I’ve been surprisingly saddened by the recent decision by my parents to give away their Manchester Terrier Seven. Surprisingly because I don’t really like the dog, he barks at every noise and is all nose and elbows, plus he’s a dog. I like my dogs like I like my men, fluffy and quiet and only around for brief visits.
I think my parents got Seven in 2003 or 2004, I don’t remember exactly. He was the runt of the litter (of 9, hence the geeky Star Trek Voyager “Seven of Nine” name) from a breeder in Terrace, BC, and I was visiting when they got him (though I didn’t name him, I was so over Voyager by then). He was cute, but he wasn’t cuddly, though he eventually became so in spite of being all pointy bits and unfluffy, when curled up into a ball beside you in a chair.

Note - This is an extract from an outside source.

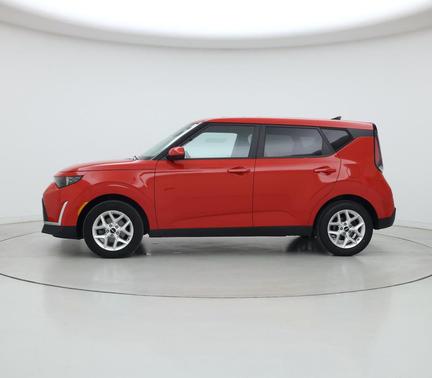 Inferno Red 2024 Kia Soul LX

Our dog Dom, a Maltese Poodle (very cuddly), had died a few months or maybe a year previous, and he’d lived to be 15 or 16 or so and I’d grown up with him around. Dom’s best friend/worst enemy Samantha (my cat) had died maybe 2 years before that, at 14. I sort of felt when they were both gone that it was the end of an era, as we’d got them when I was in Grade 5. Here they are, old farts at this point, too weak to fight over the sunbeam:

I guess I see pets as family, and I would because I’m an only child so it’s either that, imaginary friends or hardcore drugs. I feel like I’m losing a family member here, and I did something I never do, which is question a parent’s personal decision. I argued with my mom a couple times in the last few days about how I think this is a mistake, but ultimately we agreed that it’s the best thing because she and my stepdad obviously have no soul.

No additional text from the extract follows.